Reducing the dangers of upright rows?
4 min read
Asked by: Kitty Bell
Are upright rows safe? Upright rows can cause shoulder impingement (when the tendon catches on bone) in some people, however good form (keeping your hands hip-width apart, shoulders down, and avoiding bringing your elbows up too high) reduces the risk of this.
How do you make upright rows safer?
Have your hands wide – at about hip-width. If your hands are wide there’s less chance of internal rotation. Draw the shoulder blades back and stabilize them as you lift the bar. This will help you keep the top end of the shoulder blade out of the way.
Are upright rows harmful?
The problem with upright rows
The main issue with upright rows is the risk of shoulder impingement. Generally, shoulder impingement occurs when you internally rotate the shoulder (roll the upper arm forward slightly) and then lift it out to the side.
What can I replace upright rows with?
The 8 best upright row alternatives are:
- Barbell High Pull.
- Seated Muscle Snatch.
- Single Arm Dumbbell Power Snatch.
- Dumbbell Lateral Raise.
- Band Lateral Raise.
- Cable Face Pull.
- Dumbbell YTW.
- TRX YTW.
Are upright rows worth doing?
An upright row is an effective exercise to build strength in the shoulders and upper back. It’s a pull exercise, meaning you’ll be pulling the weight toward you and targeting your posterior chain, or the muscles on the backside of your body.
Which is better upright rows or lateral raises?

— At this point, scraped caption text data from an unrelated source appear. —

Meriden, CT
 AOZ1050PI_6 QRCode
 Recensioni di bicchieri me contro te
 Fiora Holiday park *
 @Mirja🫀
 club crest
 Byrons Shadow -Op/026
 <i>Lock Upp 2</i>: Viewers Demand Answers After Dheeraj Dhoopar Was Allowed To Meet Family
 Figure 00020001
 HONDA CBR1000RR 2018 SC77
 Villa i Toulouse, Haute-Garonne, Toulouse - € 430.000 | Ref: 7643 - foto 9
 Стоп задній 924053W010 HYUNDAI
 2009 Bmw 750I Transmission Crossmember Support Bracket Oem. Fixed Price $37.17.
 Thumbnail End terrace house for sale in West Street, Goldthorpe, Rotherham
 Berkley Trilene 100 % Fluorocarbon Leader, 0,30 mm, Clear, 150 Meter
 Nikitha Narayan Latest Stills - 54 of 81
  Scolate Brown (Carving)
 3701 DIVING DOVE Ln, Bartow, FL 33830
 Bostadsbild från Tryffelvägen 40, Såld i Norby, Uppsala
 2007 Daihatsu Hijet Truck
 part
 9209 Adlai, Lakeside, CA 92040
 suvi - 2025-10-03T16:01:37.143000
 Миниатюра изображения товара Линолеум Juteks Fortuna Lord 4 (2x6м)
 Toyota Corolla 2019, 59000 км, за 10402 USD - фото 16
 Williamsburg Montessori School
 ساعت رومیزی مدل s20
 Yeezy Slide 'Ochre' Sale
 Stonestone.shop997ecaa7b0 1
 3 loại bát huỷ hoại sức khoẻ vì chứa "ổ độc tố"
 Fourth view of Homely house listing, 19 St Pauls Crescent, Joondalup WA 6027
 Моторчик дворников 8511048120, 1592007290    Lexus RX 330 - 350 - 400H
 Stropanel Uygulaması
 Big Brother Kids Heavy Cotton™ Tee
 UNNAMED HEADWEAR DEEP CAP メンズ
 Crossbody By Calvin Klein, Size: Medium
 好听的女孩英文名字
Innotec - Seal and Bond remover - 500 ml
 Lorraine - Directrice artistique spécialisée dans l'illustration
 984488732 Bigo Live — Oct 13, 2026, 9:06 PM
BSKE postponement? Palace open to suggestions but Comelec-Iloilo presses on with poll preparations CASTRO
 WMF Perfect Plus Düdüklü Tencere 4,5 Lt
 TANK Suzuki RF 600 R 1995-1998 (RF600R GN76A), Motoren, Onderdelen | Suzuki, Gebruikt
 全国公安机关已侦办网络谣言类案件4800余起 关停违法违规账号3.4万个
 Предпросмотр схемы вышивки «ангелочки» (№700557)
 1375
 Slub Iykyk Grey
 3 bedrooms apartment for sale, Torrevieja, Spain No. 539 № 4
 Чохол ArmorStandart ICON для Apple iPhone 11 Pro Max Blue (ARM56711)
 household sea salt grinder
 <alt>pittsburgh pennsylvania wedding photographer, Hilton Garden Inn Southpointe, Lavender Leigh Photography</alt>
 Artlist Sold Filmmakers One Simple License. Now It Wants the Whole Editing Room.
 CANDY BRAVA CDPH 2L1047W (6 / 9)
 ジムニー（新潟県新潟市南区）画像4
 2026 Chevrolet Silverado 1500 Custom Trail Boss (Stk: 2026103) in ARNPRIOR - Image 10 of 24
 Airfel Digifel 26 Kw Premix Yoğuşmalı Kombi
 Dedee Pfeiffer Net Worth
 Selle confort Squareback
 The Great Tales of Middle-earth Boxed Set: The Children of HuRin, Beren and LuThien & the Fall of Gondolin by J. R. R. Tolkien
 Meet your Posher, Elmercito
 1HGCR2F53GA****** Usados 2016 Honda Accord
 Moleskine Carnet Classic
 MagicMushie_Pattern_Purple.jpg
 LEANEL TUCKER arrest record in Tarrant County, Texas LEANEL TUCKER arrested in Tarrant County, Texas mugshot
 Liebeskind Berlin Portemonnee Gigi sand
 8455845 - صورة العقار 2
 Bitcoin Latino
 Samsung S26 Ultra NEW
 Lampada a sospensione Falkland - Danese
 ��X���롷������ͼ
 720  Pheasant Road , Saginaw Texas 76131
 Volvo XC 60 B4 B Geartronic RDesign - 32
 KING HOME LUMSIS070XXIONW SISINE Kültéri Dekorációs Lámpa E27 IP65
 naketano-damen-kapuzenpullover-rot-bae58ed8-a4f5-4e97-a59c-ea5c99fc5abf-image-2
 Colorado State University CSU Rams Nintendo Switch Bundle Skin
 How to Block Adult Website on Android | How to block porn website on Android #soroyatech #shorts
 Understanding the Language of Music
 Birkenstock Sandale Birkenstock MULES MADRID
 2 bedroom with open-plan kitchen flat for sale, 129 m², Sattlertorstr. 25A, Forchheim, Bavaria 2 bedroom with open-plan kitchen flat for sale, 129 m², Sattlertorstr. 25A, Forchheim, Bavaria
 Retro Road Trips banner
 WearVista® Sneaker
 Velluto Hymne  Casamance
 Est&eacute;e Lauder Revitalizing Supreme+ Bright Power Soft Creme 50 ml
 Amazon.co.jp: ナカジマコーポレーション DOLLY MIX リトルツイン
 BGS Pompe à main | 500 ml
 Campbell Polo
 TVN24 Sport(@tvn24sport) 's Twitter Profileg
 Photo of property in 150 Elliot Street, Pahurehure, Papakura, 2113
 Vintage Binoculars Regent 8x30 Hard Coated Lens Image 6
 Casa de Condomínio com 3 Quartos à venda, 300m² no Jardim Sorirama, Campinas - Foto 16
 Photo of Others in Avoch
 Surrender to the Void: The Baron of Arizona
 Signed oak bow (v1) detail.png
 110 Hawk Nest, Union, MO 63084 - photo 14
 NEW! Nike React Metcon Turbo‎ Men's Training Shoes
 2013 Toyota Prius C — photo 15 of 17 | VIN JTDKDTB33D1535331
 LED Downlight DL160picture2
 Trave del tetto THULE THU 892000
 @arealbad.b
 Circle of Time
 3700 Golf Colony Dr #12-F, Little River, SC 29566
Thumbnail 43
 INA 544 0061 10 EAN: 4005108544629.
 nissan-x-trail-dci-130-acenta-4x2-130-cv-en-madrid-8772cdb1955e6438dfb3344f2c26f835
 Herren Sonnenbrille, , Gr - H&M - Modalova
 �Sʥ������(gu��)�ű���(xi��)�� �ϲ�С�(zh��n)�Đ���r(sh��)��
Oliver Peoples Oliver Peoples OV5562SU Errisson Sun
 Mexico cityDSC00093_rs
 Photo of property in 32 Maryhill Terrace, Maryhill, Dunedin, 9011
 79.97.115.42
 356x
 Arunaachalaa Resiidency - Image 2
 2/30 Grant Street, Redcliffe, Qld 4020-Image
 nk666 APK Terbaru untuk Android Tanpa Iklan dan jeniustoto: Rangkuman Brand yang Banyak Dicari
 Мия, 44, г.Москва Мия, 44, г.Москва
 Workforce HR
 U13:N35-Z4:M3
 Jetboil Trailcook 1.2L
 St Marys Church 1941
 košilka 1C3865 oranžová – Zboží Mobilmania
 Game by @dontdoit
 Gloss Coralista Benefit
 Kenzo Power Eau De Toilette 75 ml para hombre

Use upright rows to get a solid blend of lateral deltoid and trap development, while lifting the most weight. Use lateral raises if you’d prefer to target your lateral delts almost exclusively, as they’re much more of an isolation exercise. Neither the upright row or lateral raise is inherently better than the other.
Are dumbbell upright rows better?
Dumbbell upright rows build upper-body strength.
The movement pattern of a dumbbell upright row targets muscles like your deltoids, trapezius, and triceps. With regular practice, dumbbell upright rows can help you perform other compound exercises like deadlifts, bench presses, and pull-ups.
Why do people do upright rows?
The upright row is a standing exercise that requires perfect form, and even then you’re running the risk for injury. Upright rows are a shoulder exercise that targets the front and middle heads of the deltoids, as well as your trapezius, rhomboids, and even the biceps muscles.
Are barbell rows safe?
The freestyle barbell bent-over row is one of the highest-risk exercises because the torso isn’t supported and the lower back is excessively involved. It’s difficult to keep your lower back hollowed and secure once the weight becomes substantial—just a slight slip in technique can produce a nasty lower-back injury.
Are monkey rows good?
A godsend for individuals with shoulder pain, Monkey Rows offer a great alternative to commonplace exercises for trap and deltoid development like the upright row.
Do upright rows work chest?
All three muscle heads of the deltoids (anterior, middle, and posterior) contribute to the upward motion of the upright row. The shoulders are responsible for aggressively contracting and pulling the barbell upwards towards your chest, particularly in the second half of the pull.
Do upright rows work traps?
It is one of the best exercises to workout your traps, core and shoulder muscles as well as some back muscles. The main muscles that are worked during the upright row are: deltoids, lats, latissimus dorsi (the lat), traps, biceps and brachialis.
Do upright rows work forearms?
Close-Grip Upright Row
This version also places a fair degree of stress on upper traps as well as the forearms, which are worked to a lesser degree in the wide-grip row. With a close grip, your hands should be about 6-8 inches apart on a barbell.
Where should I feel upright rows?
So here's reps right here bend forward a little bit. Open up just like this. Still feel it in the shoulders. Still. Keep me a tight to your body.
Do upright rows work rear delts?
As stated earlier, the upright row is a well-known shoulder exercise popular among bodybuilders and CrossFitters that can pack size onto your rear delts. Exercisers use the movement in upper body workouts to build shoulder muscle and strength.